Proper Total Timing on a Small Block Chevy
Total timing is a term used to describe the combination of initial ignition advance at which a distributor is set, plus the amount of centrifugal (mechanical) advance that takes place within a distributor as the engine RPM increases.
The small-block Chevy engines vary in the amount of total timing based on a number of factors, but most SBC engines require between 32 to 36 degrees of total timing, with some older, less efficient engines needing as much as 38 degrees or more. While most engines use a vacuum advance mechanism, some performance SBCs do not.
Importance of Proper Timing
The proper amount of total timing is critical. Too little timing can cause the engine to be sluggish and unresponsive. This is because the air/fuel mixture is being ignited in the cylinder too late in the compression cycle for maximum power. The full energy from combustion is released too far after the piston has past top-dead centre (TDC). Additionally, the fuel burn is not as complete which increases emissions.
Conversely, too much ignition advance begins the air/fuel ignition too soon. The early release of energy means that the rising piston has to fight against the increased cylinder pressure. If fuel octane is not sufficient, detonation (pinging) will occur. This is a potentially destructive condition and can burn pistons, valves or spark plugs and can cause damage to the upper connecting rod-bearing inserts, as well.

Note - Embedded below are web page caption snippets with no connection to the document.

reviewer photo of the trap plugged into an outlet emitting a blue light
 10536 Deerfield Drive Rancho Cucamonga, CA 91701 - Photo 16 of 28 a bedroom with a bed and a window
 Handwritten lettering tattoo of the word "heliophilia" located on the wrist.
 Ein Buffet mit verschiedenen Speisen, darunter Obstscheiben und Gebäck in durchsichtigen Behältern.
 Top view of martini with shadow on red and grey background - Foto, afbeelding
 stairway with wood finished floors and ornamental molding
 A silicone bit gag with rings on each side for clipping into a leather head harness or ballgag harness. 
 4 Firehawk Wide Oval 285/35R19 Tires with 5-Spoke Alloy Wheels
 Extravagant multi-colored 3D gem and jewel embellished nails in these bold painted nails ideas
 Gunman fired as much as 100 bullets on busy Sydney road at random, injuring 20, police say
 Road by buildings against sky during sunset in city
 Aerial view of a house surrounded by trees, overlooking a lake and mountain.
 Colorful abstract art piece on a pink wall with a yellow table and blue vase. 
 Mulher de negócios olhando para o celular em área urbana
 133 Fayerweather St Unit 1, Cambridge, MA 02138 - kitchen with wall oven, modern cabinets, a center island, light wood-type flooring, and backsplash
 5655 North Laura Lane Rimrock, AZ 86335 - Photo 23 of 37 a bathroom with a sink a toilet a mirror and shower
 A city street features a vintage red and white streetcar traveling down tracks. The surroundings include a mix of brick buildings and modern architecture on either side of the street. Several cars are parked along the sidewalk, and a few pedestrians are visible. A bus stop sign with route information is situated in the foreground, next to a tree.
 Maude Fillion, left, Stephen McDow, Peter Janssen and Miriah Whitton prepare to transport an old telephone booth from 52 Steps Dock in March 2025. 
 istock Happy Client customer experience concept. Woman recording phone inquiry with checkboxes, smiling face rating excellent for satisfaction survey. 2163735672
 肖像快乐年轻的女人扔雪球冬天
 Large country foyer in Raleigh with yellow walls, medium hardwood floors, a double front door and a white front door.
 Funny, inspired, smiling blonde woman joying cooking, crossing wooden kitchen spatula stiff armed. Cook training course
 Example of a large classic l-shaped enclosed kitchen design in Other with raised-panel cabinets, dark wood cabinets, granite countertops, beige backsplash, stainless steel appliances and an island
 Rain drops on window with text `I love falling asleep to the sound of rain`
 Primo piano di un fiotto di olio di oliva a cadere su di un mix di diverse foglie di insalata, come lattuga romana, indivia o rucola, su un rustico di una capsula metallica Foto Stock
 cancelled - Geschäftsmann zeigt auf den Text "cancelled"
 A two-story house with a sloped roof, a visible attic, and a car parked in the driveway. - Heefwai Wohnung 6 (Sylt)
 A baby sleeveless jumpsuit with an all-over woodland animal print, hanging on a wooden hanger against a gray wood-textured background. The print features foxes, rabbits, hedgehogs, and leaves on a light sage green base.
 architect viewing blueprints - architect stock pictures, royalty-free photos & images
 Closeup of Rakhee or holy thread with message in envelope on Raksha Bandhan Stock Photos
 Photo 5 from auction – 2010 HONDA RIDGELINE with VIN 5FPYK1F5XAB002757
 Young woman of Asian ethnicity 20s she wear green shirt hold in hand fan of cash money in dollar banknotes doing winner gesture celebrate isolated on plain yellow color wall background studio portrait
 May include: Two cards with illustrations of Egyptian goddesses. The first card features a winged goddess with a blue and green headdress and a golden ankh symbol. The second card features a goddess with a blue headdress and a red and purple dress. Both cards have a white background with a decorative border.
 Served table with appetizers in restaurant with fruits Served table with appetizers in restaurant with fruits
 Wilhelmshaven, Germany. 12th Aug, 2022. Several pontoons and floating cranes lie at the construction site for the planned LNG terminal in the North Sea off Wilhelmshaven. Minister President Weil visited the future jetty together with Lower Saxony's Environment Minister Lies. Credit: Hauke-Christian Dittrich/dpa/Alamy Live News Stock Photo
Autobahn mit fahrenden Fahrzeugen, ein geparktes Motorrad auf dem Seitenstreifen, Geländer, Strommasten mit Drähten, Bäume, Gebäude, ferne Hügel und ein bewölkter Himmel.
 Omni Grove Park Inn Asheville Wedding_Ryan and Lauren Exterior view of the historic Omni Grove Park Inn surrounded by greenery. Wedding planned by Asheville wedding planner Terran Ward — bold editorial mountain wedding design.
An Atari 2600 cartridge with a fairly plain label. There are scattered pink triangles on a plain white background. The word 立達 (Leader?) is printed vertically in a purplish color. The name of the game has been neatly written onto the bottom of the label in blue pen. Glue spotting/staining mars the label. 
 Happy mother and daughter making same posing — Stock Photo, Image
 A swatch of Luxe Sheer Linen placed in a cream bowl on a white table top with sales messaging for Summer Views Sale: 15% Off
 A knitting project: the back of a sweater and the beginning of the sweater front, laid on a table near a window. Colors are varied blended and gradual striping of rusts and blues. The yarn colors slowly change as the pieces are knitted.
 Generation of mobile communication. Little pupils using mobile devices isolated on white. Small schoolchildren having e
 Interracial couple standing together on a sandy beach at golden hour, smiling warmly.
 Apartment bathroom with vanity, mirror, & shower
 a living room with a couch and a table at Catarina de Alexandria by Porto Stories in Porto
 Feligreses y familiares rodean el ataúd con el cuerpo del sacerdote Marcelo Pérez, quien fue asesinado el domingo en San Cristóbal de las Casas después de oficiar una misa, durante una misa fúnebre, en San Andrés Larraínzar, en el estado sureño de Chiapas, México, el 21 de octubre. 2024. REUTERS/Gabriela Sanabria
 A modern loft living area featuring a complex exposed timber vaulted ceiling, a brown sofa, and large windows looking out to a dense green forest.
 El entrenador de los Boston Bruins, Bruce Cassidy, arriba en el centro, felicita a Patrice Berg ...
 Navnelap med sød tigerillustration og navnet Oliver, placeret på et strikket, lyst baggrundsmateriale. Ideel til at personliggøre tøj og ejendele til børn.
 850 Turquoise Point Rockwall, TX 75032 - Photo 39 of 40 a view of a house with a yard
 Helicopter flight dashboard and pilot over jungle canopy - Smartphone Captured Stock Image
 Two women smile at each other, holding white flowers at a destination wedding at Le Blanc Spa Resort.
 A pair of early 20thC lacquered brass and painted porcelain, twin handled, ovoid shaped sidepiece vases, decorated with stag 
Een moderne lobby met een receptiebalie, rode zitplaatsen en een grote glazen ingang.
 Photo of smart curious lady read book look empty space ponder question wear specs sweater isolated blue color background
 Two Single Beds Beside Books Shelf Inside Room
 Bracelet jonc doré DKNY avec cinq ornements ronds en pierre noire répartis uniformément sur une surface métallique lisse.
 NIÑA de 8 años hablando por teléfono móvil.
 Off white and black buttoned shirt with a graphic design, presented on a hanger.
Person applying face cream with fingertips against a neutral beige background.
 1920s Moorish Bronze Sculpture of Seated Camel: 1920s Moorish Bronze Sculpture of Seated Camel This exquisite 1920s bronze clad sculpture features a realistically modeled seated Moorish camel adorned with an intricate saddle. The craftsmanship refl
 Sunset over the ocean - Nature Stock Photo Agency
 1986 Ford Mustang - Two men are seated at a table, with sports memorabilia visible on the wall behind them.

Chevrolet has manufactured the SBC in displacements from 265 to 400 cubic inches for a variety of applications. The size of the engine impacts the total timing requirements. In addition to this, induction system, cylinder head design and camshaft timing play a great role in timing needs, as well. Newer engines with more efficient cylinder heads which promote high turbulence in a smaller combustion chamber reduce the need for timing advance.
Most unmodified production, daily-driven Chevy small blocks will need about 8 to 12 degrees of initial distributor advance at idle for ease of starting. Once started, a high engine vacuum signal connected to a dashpot on the distributor rotates the internal advance mechanism forward to introduce more timing for good off-idle and part-throttle engine response. As engine speeds increase above 3000 to 3500 RPM, the centrifugal force of the distributor mechanical advance weights overcomes the springs holding the advance mechanism in the retarded position and mechanical advance is fully introduced. This is also known as having the timing "all in."
The purpose of the vacuum advance mechanism is to offer more timing--typically 10 to 14 additional degrees--when full mechanical advance is not completely introduced. This allows the engine to run more efficiently at low speeds at part throttle with better throttle response and more complete fuel combustion. Under full throttle loads, there is reduced vacuum available to the vacuum advance mechanism, and its advance is eliminated to avoid too much timing.
As an example, at high RPMs with part throttle (high vacuum) positions, the total timing will be: 12 degrees initial advance, 10 degrees vacuum advance, and 22 degrees mechanical advance (total timing is 44 degrees). At high RPMs with full throttle application (no/low vacuum), the total timing may be: 12 degrees initial, 0 degrees vacuum, and 22 degrees mechanical advance, for a total timing of 34 degrees.
For performance applications, some modifications will be required to the advance "curve." Engines with aftermarket camshafts change valve timing events (not to be confused with ignition timing), and this increases the amount of initial timing that is required. When initial advance is increased, mechanical advance needs to be reduced. This can be done with performance kits which allow you to easily modify the rate and amount of mechanical advance.